The wolf’s smile slips into his features as he stares down at her, watching her reactions with delight. He can hear her heartbeat, she knows, smells the minute shifts that not even she is aware of. He knows her, inside and out, and surely knows which way she is swayed, but he waits patiently for her to give him a sign, a command, an enthusiastic yes or a firm no. He won’t move without her urging.
She cups his face and lets out a shaky, excited breath, one that shivers in her sternum and makes Jack grin. There’s that crooked canine of his, sharply glinting in his smile, and she trembles joyfully at the sight, wondering if their child would have their father’s snaggletooth. She hopes they do.
“Tonight,” she repeats. Jack’s eyes widen.
Gently, she tugs him down and presses his pouty lips to hers, and the dam breaks. Jack lets out an inhuman groan of delight, dropping his center of gravity low to lean into the kiss, and uses his blunt incisors to pull at her bottom lip, nipping and sending the wet, lapping sounds of kissing echoing through the room. He uses one hand to hold her jaw in place, then begins trailing kisses down and around her chin, working his way to her throat.
“Look so pretty in your costume,” he rasps, voice low and clouded. “‘S hard for a man to keep his hands to himself.”
Before she can snidely remark that he, in fact, has not been keeping his hands to himself for almost the entirety of the evening, Jack sinks his teeth into her neck: not hard enough to wound her, but certainly hard enough to make her forget every other thought, her mind now focused completely on the reality that her husband is leaving marks all across her throat.
“You smell,” Jack groans, “So good. And, oh, God, when you have our cubs…”
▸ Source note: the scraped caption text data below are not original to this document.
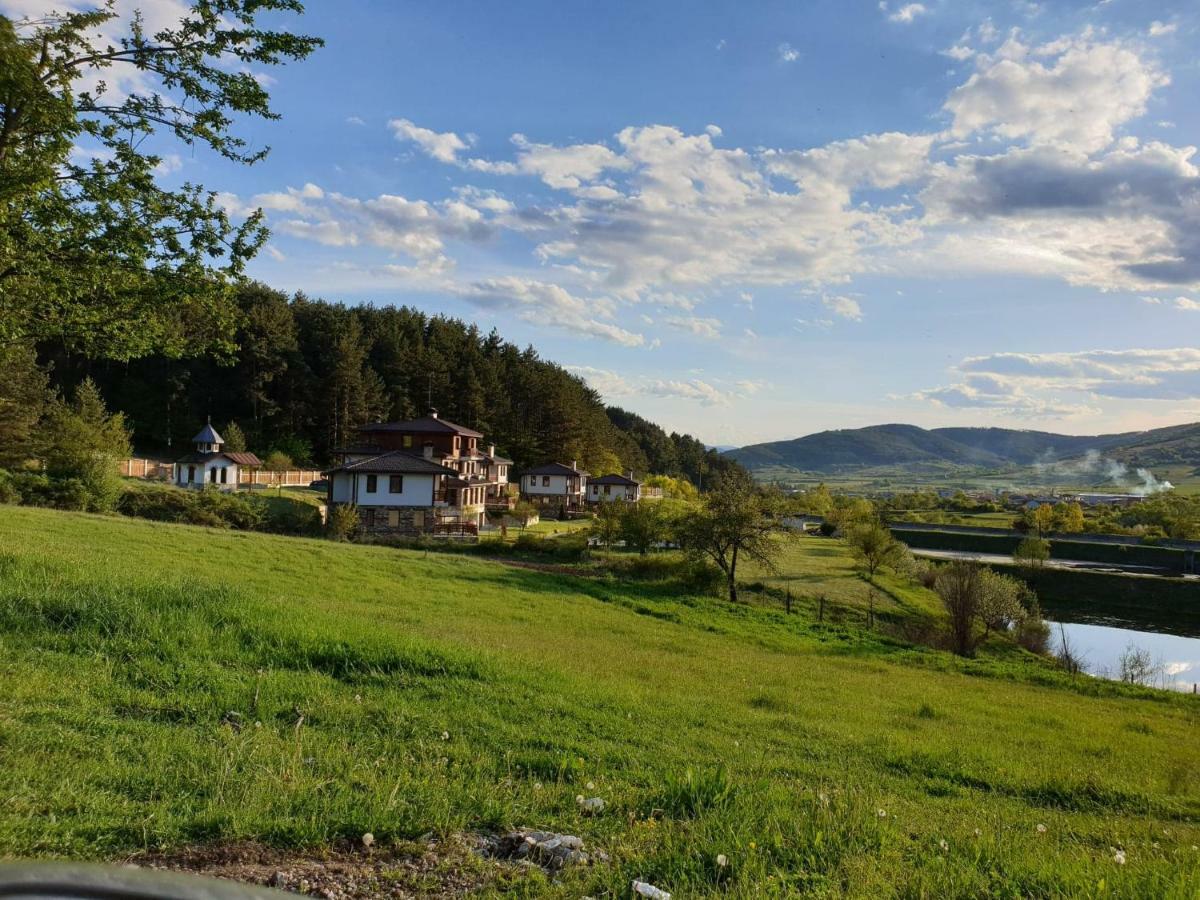 Хотел Планински Кът Dorkovo Exterior photo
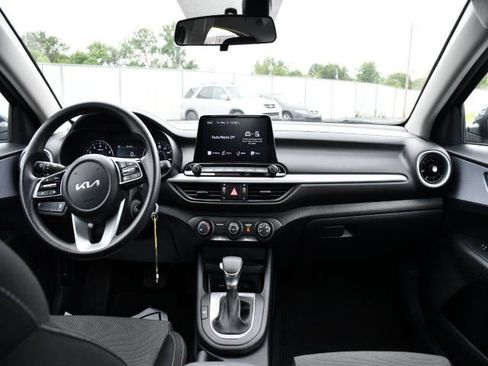 Used 2024 Kia Forte LX FWD image 22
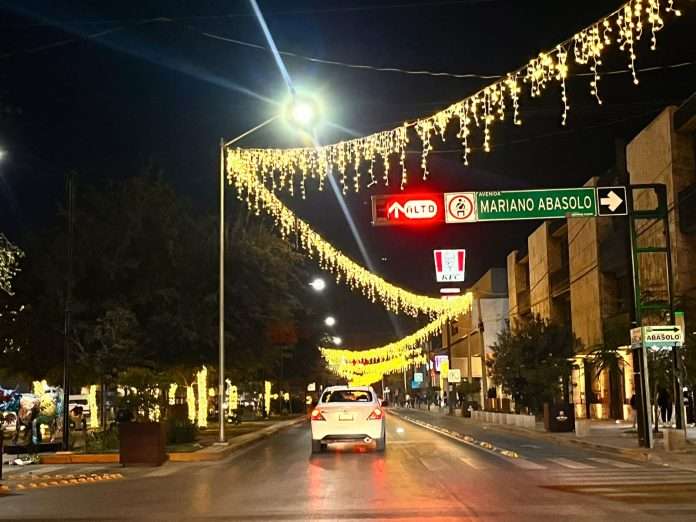 Avanza la iluminación navideña en Torreón con la instalación de las cascadas de luz en calzada Colón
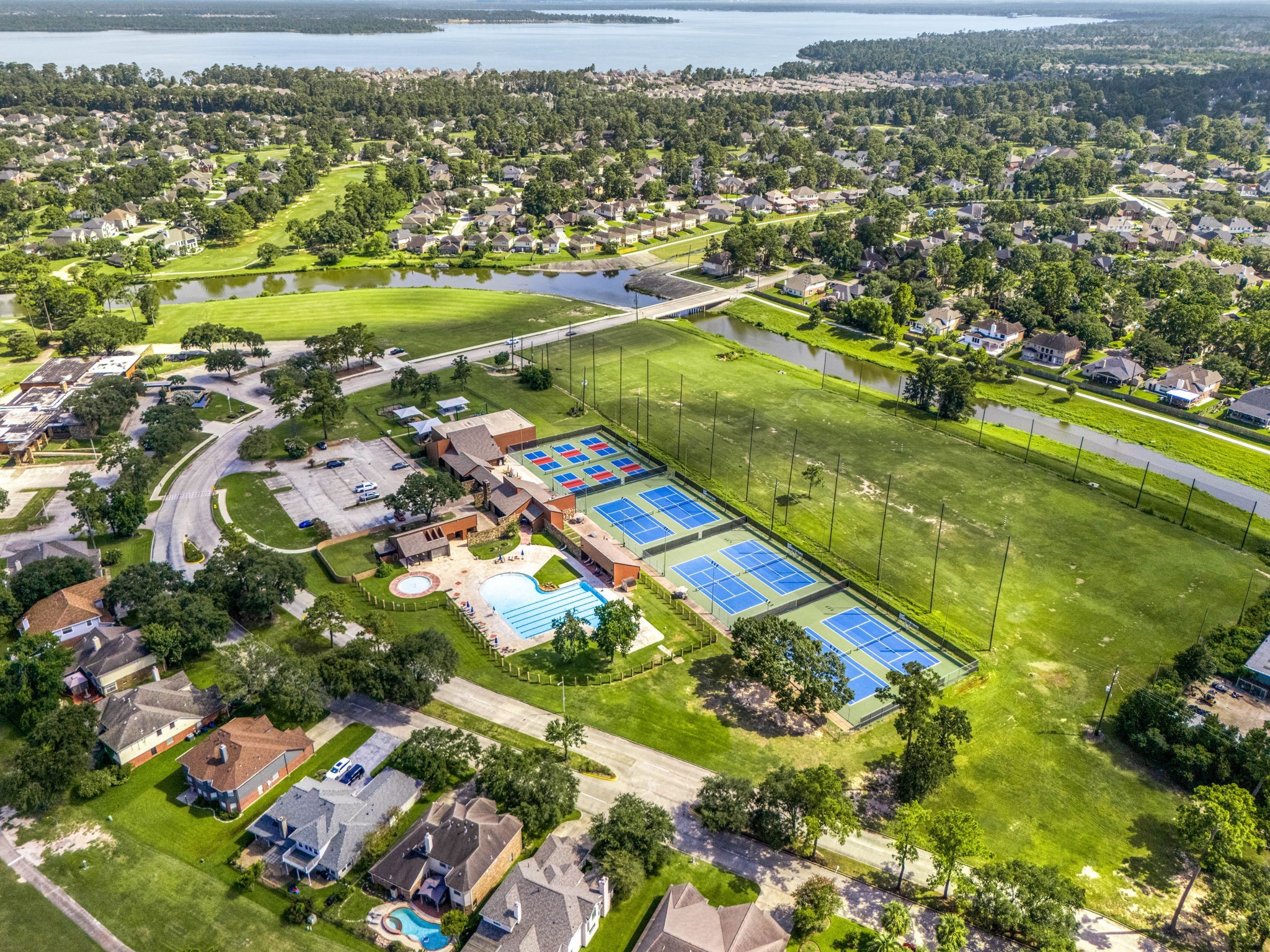 18519 Walden Forest Drive Property Photo 29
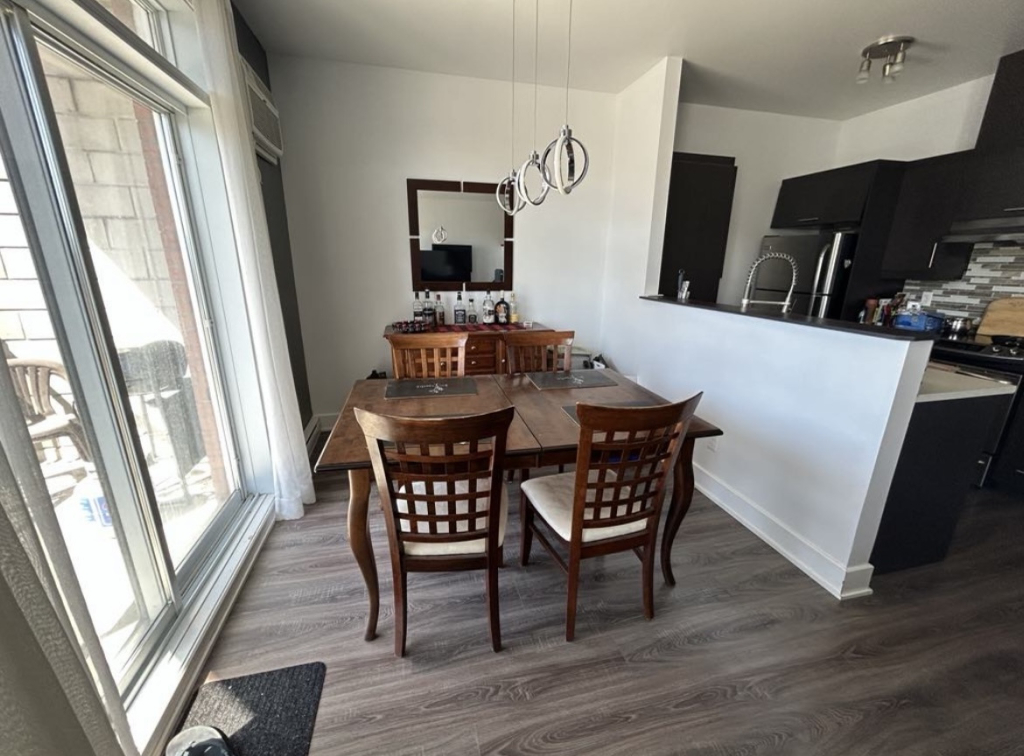TRÈS BEAU CONDO 3 1/2 À LOUER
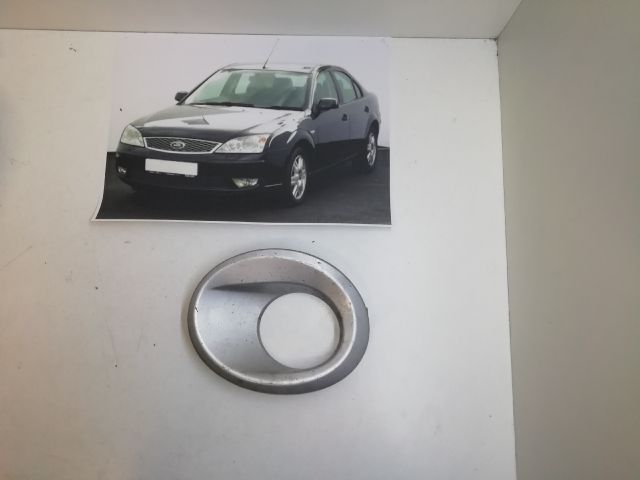 bontott FORD MONDEO III Bal Ködfényszóró Lámpakeret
He pushes his face into the crook of her neck and inhales, a series of Spanish and English curses flowing from his lips as they wander across her skin, and his hands begin rucking up the bottom of her blouse when--
“DING.”
Jack’s head whips up, and the two of them stare with wide eyes at one another. His face is flushed a deep umber and his lips are shiny, hair a fluffed mess, and she can only imagine she looks even more sordid and knocked askew. They exchange a communicative glance before the doorbell rings a second time and Jack, ever the gentleman, kisses her forehead, rapidly apologizing.
“We’ll get back to this, querida, I promise, I swear, I want to--”
She waves him off with a smile, and sees him bolt for the door, candy bowl in hand. He throws it open with gusto, and as she watches, she sees the transformation come over him; the brightness in his eyes, the giddiness of his smile, the sincerity of his sweetness. He’s going to make a magnificent father. And she’s going to have a very, very happy Halloween.